■ Work instruction
Exact reproduction is required for the lines below starting at the line with "ダンロップ DUNLOP ダンロップテニス" and ending at the line with "Nintendo 3ds", both included. No other lines, and no pictures.

■ Data in this exercise

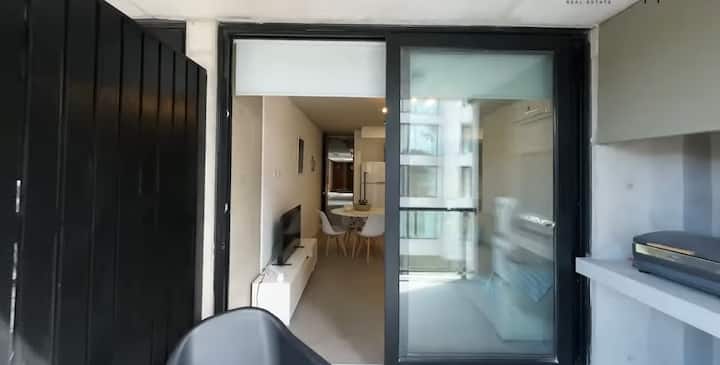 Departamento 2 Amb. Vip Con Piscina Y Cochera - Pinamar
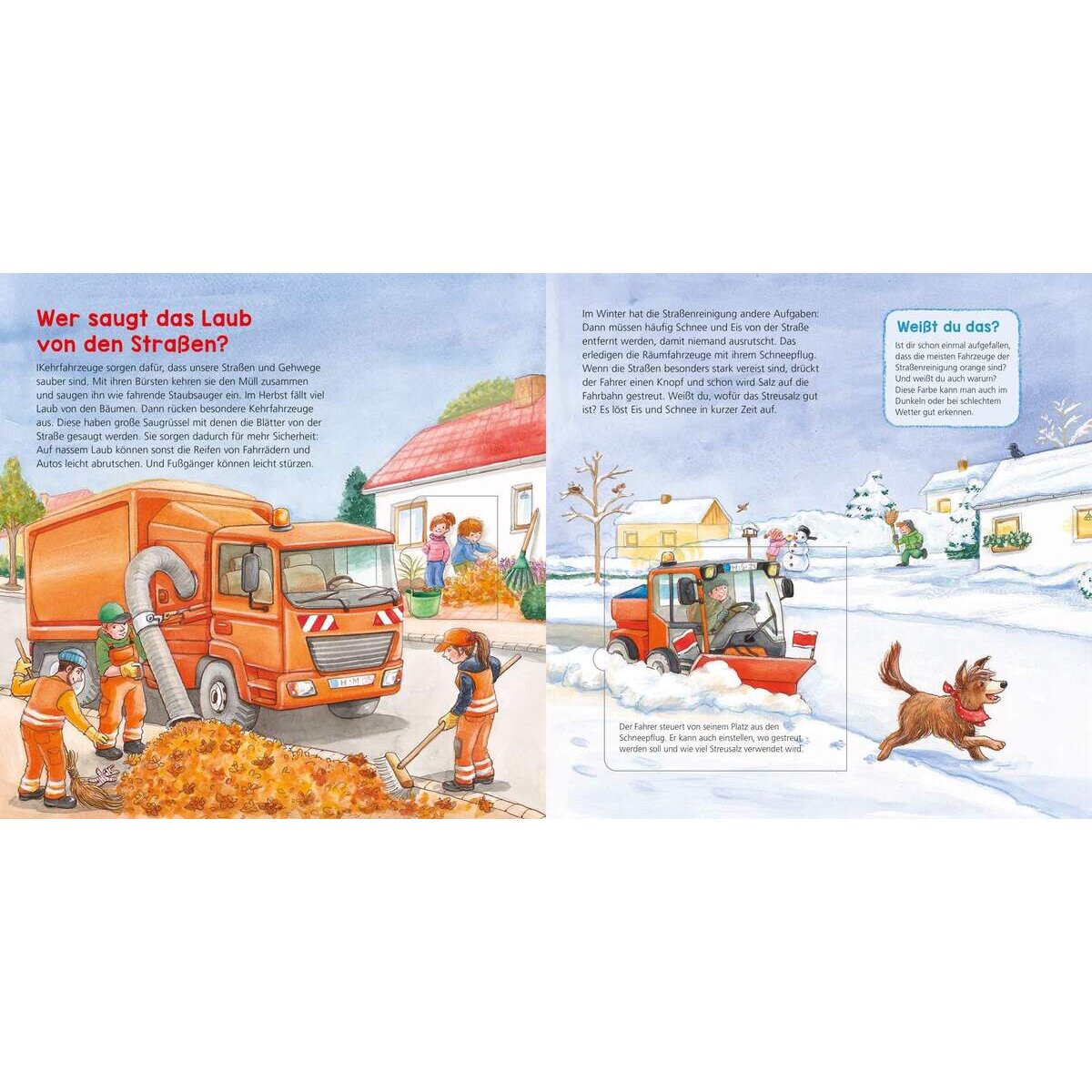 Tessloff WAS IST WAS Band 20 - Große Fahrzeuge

* * *

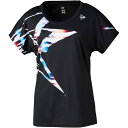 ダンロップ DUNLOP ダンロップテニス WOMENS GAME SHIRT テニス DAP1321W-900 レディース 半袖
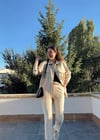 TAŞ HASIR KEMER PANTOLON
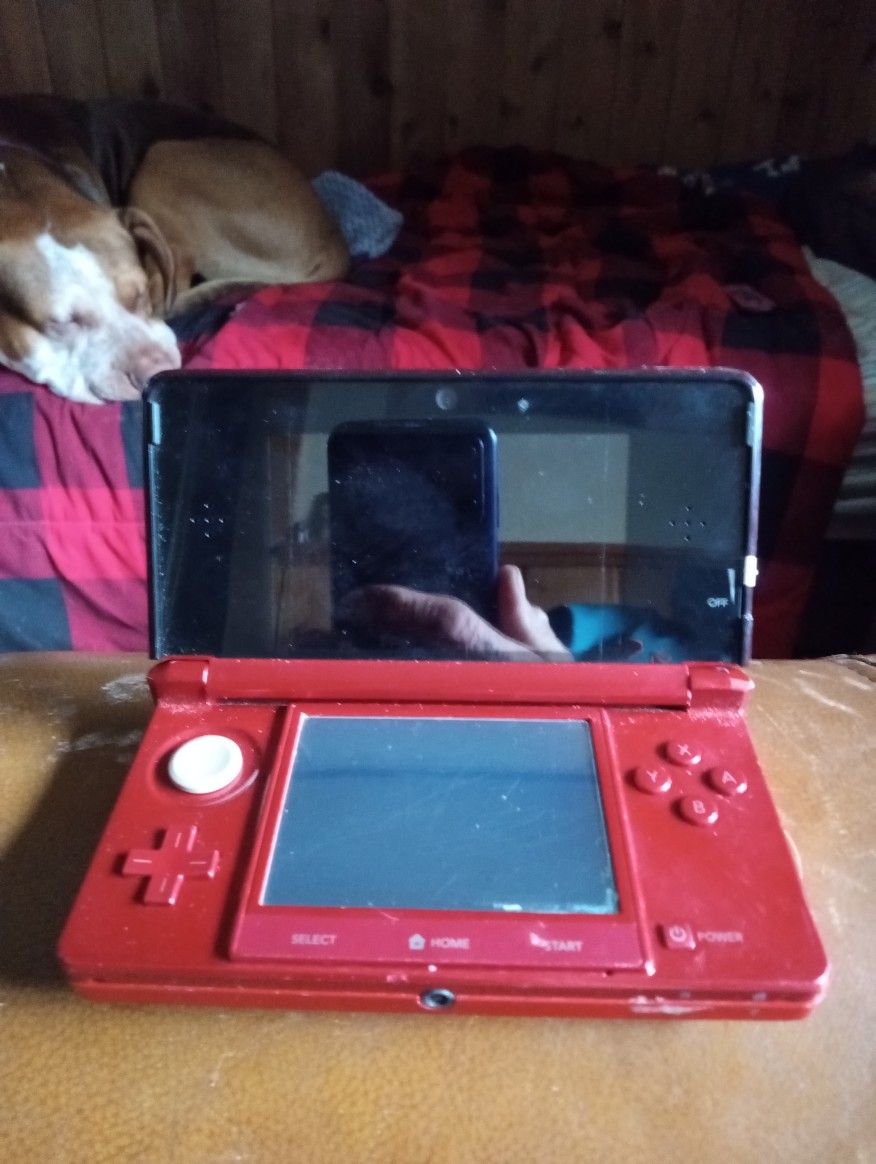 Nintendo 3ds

■ Answer to the exercise
 ダンロップ DUNLOP ダンロップテニス WOMENS GAME SHIRT テニス DAP1321W-900 レディース 半袖
 TAŞ HASIR KEMER PANTOLON
 Nintendo 3ds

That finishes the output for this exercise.